▶ [Material supplied]

- - - - -

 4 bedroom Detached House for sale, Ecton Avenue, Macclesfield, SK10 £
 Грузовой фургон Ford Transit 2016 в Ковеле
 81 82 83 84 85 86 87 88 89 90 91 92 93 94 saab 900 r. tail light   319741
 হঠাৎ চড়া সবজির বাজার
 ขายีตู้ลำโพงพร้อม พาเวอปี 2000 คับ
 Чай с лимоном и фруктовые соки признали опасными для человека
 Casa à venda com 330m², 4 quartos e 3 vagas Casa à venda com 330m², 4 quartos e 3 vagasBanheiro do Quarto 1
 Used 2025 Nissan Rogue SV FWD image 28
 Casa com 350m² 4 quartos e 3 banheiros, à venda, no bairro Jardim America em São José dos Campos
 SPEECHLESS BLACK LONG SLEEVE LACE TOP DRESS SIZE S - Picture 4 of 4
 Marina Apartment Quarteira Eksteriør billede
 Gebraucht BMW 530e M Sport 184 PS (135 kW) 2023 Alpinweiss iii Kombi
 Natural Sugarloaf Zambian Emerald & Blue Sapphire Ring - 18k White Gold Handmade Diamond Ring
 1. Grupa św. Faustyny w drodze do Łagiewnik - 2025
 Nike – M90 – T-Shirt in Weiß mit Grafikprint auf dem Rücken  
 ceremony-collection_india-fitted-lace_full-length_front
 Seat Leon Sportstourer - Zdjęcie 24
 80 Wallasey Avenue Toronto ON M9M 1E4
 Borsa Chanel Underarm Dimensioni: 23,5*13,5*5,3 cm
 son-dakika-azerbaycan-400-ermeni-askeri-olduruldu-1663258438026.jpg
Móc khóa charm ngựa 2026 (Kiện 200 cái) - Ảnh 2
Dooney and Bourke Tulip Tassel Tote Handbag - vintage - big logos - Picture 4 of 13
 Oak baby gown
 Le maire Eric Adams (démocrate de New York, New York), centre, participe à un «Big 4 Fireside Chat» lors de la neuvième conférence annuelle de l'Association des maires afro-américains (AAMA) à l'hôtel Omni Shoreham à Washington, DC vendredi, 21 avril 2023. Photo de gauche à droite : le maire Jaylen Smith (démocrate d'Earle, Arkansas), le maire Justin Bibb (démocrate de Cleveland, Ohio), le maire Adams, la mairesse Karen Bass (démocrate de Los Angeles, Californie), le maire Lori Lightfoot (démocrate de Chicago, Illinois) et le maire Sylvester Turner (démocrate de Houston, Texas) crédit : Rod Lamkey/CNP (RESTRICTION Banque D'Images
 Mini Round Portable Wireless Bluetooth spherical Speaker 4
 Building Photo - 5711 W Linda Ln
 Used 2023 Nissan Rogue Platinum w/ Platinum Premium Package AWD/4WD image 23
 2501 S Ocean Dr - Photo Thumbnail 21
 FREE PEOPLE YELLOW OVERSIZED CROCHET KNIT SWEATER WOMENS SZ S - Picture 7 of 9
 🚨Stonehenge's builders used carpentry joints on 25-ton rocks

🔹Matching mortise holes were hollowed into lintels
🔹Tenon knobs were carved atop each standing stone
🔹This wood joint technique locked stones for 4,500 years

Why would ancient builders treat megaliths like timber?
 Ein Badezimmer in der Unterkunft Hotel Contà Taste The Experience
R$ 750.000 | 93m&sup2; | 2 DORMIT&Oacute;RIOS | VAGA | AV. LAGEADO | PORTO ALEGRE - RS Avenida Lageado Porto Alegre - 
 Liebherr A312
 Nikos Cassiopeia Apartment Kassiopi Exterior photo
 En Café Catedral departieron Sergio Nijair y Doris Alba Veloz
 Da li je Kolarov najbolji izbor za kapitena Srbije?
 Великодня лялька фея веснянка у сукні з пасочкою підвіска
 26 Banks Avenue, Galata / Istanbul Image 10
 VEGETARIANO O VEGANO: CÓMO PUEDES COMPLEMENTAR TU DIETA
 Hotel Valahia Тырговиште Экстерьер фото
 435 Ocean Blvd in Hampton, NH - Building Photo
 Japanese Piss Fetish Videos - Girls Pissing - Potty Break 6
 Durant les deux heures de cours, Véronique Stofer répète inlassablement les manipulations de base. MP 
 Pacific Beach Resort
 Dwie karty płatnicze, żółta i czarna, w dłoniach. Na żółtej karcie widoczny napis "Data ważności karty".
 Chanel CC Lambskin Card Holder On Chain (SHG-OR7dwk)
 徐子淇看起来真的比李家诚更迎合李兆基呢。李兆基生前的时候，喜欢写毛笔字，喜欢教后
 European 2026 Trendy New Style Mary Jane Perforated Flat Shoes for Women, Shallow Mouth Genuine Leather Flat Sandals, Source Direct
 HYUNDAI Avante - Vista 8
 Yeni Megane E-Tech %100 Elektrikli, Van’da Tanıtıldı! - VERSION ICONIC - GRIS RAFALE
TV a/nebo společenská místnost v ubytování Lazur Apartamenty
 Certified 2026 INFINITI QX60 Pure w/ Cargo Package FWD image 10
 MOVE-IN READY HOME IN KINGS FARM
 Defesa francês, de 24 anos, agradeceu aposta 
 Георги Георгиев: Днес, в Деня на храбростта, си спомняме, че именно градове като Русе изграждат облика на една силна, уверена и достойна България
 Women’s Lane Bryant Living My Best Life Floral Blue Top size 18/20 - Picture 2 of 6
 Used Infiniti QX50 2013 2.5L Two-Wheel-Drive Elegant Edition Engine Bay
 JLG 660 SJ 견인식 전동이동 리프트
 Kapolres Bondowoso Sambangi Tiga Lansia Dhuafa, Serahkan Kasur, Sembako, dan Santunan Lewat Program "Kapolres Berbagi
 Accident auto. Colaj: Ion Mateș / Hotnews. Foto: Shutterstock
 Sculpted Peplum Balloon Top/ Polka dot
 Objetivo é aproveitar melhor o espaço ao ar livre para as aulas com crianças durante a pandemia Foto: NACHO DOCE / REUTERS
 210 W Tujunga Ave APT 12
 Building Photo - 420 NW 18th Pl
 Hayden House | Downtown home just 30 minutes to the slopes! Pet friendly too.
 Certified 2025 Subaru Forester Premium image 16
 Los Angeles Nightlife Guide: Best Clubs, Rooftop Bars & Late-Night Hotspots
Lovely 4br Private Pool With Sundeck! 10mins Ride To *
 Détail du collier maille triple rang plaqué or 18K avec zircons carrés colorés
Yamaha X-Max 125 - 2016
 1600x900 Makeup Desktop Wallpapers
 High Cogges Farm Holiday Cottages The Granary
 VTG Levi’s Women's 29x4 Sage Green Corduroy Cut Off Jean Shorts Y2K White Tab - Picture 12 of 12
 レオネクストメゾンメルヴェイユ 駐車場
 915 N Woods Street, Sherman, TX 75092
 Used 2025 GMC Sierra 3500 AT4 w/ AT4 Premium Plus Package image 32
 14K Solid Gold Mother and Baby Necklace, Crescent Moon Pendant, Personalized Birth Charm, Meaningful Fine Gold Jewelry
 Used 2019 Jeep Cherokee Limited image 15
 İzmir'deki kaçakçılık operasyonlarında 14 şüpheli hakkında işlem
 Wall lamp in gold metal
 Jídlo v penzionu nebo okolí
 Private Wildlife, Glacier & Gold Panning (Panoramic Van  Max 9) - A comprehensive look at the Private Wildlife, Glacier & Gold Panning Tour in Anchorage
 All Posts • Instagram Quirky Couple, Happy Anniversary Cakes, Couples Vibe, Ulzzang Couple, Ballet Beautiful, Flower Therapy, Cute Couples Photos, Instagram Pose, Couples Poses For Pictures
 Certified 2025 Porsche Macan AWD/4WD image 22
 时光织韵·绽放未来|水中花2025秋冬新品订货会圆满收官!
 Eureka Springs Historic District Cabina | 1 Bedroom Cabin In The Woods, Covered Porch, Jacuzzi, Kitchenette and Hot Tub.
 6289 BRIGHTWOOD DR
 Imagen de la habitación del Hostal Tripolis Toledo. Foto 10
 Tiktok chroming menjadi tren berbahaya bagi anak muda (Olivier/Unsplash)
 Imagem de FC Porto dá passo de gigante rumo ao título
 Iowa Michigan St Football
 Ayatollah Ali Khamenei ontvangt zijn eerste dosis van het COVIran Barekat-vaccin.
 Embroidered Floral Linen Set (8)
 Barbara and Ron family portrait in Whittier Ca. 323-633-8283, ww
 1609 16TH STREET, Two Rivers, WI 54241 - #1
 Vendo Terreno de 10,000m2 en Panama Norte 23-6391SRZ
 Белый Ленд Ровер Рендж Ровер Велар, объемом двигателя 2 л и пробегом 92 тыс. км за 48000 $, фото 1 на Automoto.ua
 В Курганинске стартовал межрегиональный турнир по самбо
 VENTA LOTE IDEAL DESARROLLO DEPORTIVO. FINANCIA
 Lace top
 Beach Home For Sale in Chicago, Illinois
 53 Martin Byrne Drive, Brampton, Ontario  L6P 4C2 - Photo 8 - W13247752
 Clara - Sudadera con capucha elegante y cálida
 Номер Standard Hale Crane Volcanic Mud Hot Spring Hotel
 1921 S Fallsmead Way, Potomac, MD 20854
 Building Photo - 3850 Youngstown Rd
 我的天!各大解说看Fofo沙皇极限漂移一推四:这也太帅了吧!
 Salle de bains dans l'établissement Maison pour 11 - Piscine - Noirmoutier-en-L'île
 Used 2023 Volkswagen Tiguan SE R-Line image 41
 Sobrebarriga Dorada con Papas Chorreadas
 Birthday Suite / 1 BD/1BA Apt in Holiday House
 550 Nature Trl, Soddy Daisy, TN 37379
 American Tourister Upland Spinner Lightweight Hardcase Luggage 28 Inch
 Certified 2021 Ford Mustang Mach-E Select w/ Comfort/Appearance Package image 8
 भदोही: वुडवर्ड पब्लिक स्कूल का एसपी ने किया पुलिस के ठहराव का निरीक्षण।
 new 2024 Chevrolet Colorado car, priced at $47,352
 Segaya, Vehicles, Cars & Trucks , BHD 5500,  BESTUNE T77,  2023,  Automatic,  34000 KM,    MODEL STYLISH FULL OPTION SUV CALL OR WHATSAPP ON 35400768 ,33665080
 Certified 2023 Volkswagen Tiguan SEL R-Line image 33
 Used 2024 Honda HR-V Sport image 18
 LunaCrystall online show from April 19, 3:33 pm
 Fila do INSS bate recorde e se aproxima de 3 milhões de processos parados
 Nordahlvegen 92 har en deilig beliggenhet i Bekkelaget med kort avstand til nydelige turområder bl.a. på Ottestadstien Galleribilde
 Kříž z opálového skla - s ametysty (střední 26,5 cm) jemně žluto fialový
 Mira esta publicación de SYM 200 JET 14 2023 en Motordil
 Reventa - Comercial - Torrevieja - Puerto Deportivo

- - - - -

▶ [Exercise details]
Copy every line in the data above that has the string "House" in it.

▶ [Result of the task]
 4 bedroom Detached House for sale, Ecton Avenue, Macclesfield, SK10 £
 Hayden House | Downtown home just 30 minutes to the slopes! Pet friendly too.
 Birthday Suite / 1 BD/1BA Apt in Holiday House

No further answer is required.